[CS-FSLUG] Linux Today - Is desktop Linux too fragmented to succeed? A friend tells it like it is!!

Timothy Butler tbutler at ofb.biz
Tue May 5 11:13:11 CDT 2009

>> 	How do KDE 3 and KDE 4 apps interoperate? For example, I can run an
>> app written for Mac OS X 10.1 and one for 10.5 and not know which is
>> which.
> I can also run KDE 3.1 and 3.5 apps and not know which is which ;)  
> (just
> a joke...)

	Yes, yes. I'll admit OS X's version scheme isn't the clearest. ;-)
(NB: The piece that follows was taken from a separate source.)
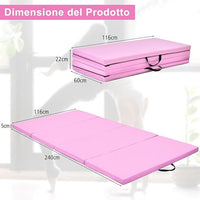 Tappetino da Ginnastica con Maniglia, Gancio, Chiusura a Cerniera e Copertura in Pelle PU Staccabile, Tappetino da Esercizio Pieghevole per Yoga, Stretching e Aerobica(Rosa monocroma)
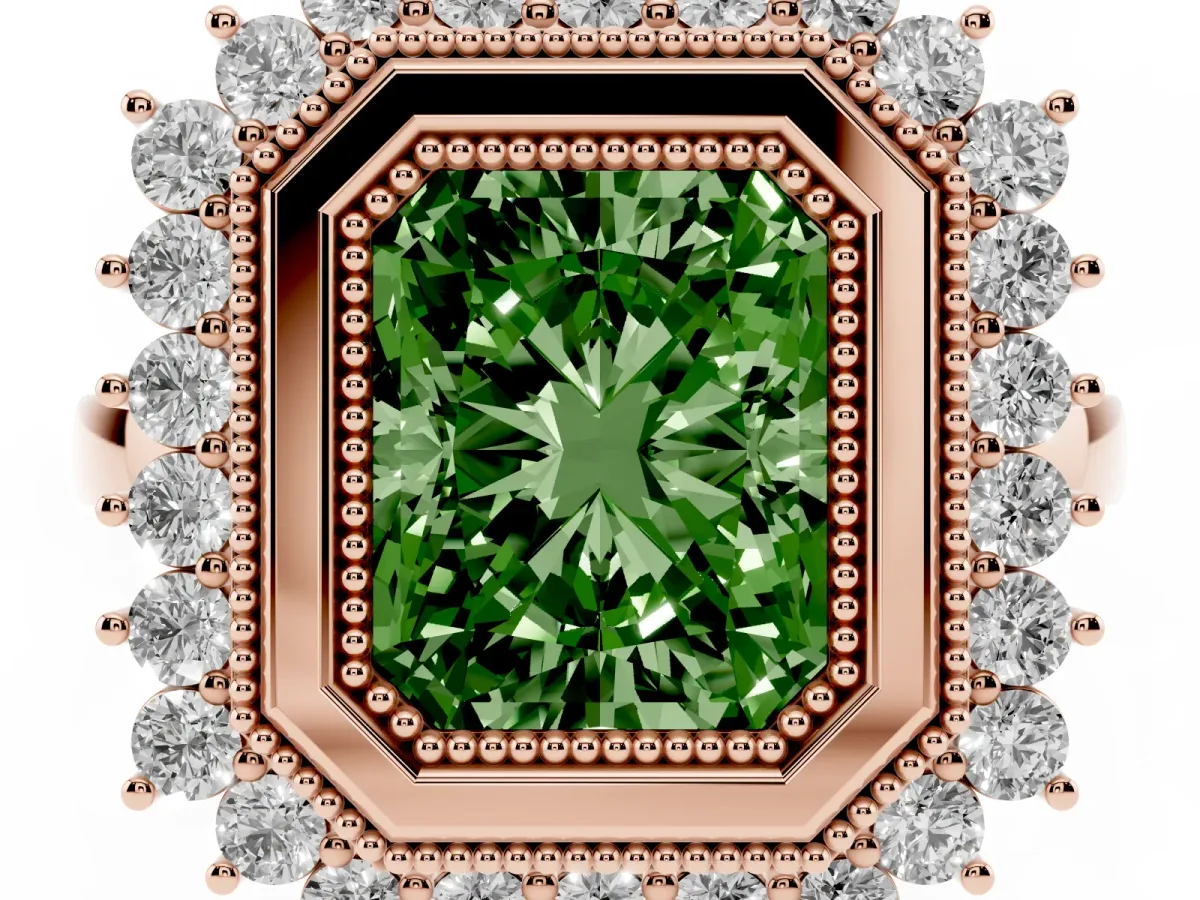 Fancy Green Radiant Cut Halo Diamond Ring with Milgrain Edge and Round Prong Setting Rose gold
>> Likewise, I can run many Windows XP, or even 3.1, apps on
>> Vista and not have a clue which is which.
> I did not use Vista that much, but for the looks I can tell whether an
> app is a Win 3.1 app, or a Visual Basic app, or a .NET app, or a  
> Borland
> Delphi app (the icons on the buttons are a dead giveaway for the
> latter).

	Right, some of them will give themselves away with dated icons and  
such. But none of them is a "second class citizen," with a slight  
exception in the 3.1 apps. Dialogs and such will work exactly the same  
in an early Win32 app as the latest 64-bit, Windows 7 app.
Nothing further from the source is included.